▶ _EXERCISE GOAL_: The expected output is the first line of the data below and every line after it, up to and including the line containing "La Casa de Papel", each reproduced exactly.

[Extracted data entries]
******

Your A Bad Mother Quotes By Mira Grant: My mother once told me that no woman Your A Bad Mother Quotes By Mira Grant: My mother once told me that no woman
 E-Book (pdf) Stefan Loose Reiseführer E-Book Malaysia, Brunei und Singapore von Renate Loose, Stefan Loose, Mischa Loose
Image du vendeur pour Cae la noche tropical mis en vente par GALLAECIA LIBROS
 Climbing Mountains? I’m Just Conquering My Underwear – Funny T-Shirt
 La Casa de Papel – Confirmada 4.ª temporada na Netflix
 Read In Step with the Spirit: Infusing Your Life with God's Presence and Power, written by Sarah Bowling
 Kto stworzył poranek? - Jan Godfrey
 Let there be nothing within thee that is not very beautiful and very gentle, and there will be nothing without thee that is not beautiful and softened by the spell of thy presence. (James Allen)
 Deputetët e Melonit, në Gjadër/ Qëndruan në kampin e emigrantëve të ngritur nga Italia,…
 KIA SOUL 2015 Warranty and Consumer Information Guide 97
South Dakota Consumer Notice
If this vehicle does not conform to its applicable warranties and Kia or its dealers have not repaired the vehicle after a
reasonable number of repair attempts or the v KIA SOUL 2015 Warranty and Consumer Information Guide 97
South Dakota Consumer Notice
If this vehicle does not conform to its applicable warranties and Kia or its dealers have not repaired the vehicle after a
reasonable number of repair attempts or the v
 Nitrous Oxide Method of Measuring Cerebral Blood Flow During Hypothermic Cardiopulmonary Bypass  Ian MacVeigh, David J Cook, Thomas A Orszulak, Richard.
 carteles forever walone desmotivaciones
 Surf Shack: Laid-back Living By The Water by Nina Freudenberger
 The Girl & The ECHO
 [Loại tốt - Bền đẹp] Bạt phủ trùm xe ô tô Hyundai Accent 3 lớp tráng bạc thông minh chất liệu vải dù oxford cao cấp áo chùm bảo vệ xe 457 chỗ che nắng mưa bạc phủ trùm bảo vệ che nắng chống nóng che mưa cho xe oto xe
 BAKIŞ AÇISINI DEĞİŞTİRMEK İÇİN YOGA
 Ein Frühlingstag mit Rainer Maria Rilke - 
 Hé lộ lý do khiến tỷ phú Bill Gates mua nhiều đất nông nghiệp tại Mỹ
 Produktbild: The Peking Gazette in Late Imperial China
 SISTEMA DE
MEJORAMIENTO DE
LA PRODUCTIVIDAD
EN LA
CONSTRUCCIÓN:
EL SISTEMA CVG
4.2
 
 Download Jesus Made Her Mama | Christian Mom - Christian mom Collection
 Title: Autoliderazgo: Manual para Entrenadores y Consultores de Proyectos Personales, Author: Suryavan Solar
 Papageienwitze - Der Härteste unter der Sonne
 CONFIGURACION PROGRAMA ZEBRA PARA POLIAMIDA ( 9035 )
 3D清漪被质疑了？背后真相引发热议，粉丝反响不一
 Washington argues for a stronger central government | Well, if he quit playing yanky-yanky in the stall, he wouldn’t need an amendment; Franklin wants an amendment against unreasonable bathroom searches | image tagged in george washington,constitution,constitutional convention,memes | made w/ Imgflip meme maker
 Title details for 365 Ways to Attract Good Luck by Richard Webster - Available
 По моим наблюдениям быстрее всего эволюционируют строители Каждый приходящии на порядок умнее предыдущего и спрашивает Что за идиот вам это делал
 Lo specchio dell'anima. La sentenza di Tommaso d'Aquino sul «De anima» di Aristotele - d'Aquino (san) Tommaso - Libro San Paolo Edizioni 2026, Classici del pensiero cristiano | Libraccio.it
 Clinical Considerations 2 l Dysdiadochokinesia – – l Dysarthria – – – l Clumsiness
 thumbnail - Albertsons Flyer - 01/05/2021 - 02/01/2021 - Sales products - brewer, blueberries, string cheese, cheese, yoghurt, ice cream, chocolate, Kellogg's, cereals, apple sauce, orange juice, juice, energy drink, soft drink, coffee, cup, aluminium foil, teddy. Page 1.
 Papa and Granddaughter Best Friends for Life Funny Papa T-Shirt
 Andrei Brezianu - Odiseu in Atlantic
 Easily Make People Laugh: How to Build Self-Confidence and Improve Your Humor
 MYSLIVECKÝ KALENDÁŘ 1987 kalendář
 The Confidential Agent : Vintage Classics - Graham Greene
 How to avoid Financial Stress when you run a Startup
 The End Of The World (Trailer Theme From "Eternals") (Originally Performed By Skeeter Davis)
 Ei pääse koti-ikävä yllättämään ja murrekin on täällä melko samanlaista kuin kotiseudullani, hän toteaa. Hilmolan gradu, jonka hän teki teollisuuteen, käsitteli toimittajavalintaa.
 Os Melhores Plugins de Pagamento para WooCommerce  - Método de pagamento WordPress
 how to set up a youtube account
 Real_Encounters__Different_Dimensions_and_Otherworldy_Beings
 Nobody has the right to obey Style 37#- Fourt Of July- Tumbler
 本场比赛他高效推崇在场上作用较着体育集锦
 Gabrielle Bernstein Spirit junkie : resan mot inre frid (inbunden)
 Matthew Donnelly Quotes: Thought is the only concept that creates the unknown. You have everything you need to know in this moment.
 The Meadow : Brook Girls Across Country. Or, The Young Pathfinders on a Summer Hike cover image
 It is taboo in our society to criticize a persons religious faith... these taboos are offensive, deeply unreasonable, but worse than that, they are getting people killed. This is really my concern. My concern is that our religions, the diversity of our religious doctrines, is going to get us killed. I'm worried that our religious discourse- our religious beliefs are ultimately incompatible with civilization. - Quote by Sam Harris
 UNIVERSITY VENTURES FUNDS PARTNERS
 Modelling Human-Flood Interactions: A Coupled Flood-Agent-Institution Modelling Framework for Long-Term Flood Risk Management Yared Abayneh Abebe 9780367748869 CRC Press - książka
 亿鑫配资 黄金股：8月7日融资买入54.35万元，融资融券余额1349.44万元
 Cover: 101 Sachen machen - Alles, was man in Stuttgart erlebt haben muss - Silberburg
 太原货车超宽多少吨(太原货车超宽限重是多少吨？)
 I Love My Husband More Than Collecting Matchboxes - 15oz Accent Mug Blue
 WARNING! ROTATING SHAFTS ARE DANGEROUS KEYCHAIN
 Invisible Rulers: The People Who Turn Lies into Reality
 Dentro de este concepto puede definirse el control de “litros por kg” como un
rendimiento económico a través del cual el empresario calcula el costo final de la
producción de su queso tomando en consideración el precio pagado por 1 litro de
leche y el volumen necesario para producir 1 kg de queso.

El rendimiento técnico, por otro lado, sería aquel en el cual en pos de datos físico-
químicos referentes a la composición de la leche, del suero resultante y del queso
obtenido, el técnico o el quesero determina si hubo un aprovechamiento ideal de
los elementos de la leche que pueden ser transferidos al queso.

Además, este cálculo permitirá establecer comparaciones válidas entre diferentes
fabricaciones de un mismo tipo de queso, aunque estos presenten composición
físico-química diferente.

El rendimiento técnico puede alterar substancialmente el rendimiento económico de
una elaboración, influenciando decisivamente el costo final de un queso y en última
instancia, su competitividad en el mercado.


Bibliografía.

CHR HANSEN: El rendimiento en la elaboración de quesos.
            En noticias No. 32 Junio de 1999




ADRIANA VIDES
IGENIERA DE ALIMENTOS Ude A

******

▶ _RESULT OF THIS EXERCISE_:
Your A Bad Mother Quotes By Mira Grant: My mother once told me that no woman Your A Bad Mother Quotes By Mira Grant: My mother once told me that no woman
 E-Book (pdf) Stefan Loose Reiseführer E-Book Malaysia, Brunei und Singapore von Renate Loose, Stefan Loose, Mischa Loose
Image du vendeur pour Cae la noche tropical mis en vente par GALLAECIA LIBROS
 Climbing Mountains? I’m Just Conquering My Underwear – Funny T-Shirt
 La Casa de Papel – Confirmada 4.ª temporada na Netflix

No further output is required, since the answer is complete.